The universe has always been here. But that cannot be said of the inhabitants. Once upon a time, no ships were roaming across the vacuum, and the planets were completely lifeless. Everything belonged to everyone. But as intelligent life appeared and began to look at the stars, at the same time the desire to leave one’s own world appeared. All nations and beings have this desire encoded in their DNA. Looking up. And at first, that exploration itself was enough to make them happy. But with every step and planet encountered, it became clear, that sooner or later a leader would appear, who would turn back on his nation and lead a rebellion with a desire to rule it all.
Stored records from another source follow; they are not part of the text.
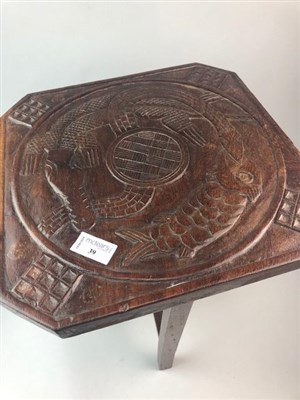 Lot 39 - A CARVED STAINED WOOD TABLE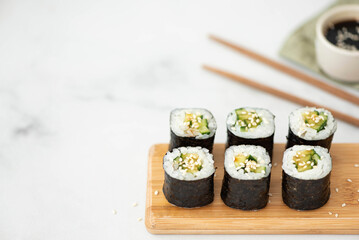 vegetable sushi with cucumber and sesame seeds on a wooden board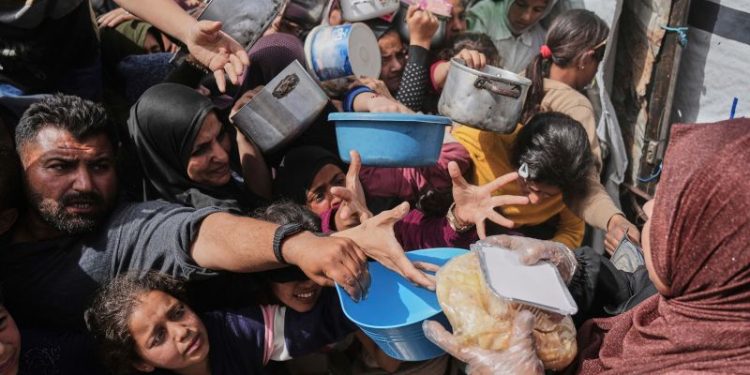 A US-backed group says it will deliver aid to Gaza, but humanitarian organizations are skeptical. Here’s what we know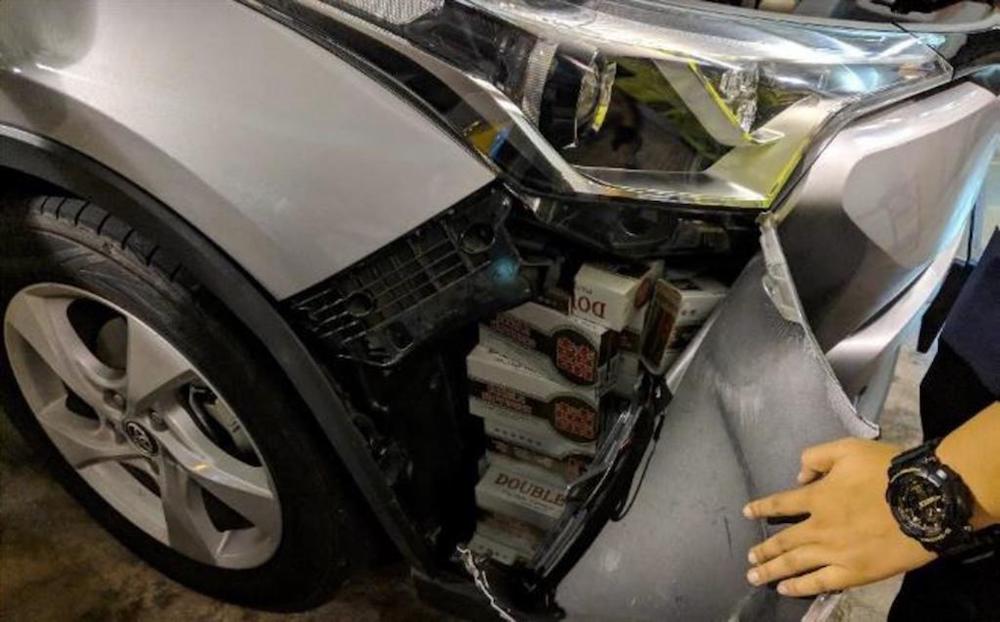 144 cartons and 1,143 packets of duty-unpaid cigarettes were found in the car Law was driving. u00e2u20acu201d Handout via TODAY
And such a situation just occurred, when the game Starcadia Quest arrived on our tables. Behind the creation of this cosmic world, and the successor to the adventure game Arcadia Quest, is a large team of authors: Fred Perret, Eric M. Lang, Guilherme Goulart and Thiago Aranha. The game was given a unique jacket, which still follows the original series and its authors are Nicolas Fructus, Andrea Cofrancesco and Giovanna Guimaraes. The game was released thanks to a successful campaign on the Kickstarter server, backed by the publishing company CMON. And the last link of the journey in front of the players themselves remains the Esdevium Games as distributor of the game.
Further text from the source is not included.